== Segment start ==

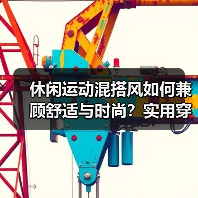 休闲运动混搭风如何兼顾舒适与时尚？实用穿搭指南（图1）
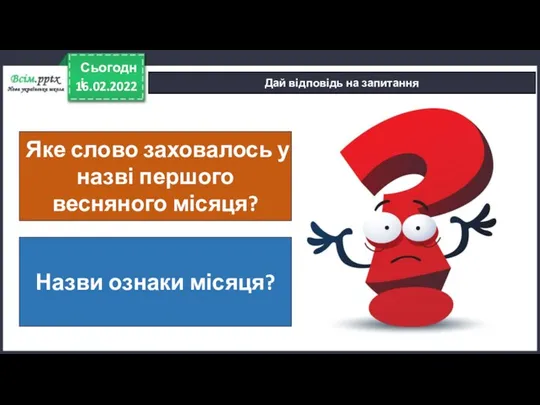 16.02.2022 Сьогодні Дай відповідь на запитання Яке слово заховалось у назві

== Segment end ==
== Segment start ==

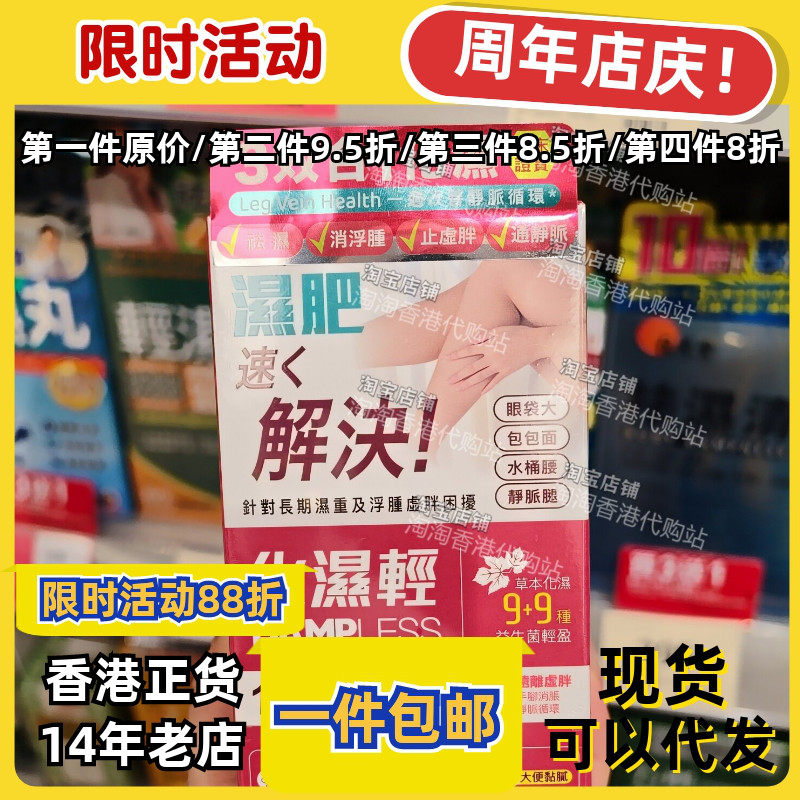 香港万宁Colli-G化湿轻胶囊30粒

== Segment end ==

ABOUT THIS EXERCISE:
Could you write out exactly the lines of the data above that run from the one holding "休闲运动混搭风如何兼顾舒适与时尚？实用穿搭指南（图1）" to the one holding "16.02.2022 Сьогодні Дай", with both ends in and all pictures out?

OUTPUT FOR THIS EXERCISE:
 休闲运动混搭风如何兼顾舒适与时尚？实用穿搭指南（图1）
 16.02.2022 Сьогодні Дай відповідь на запитання Яке слово заховалось у назві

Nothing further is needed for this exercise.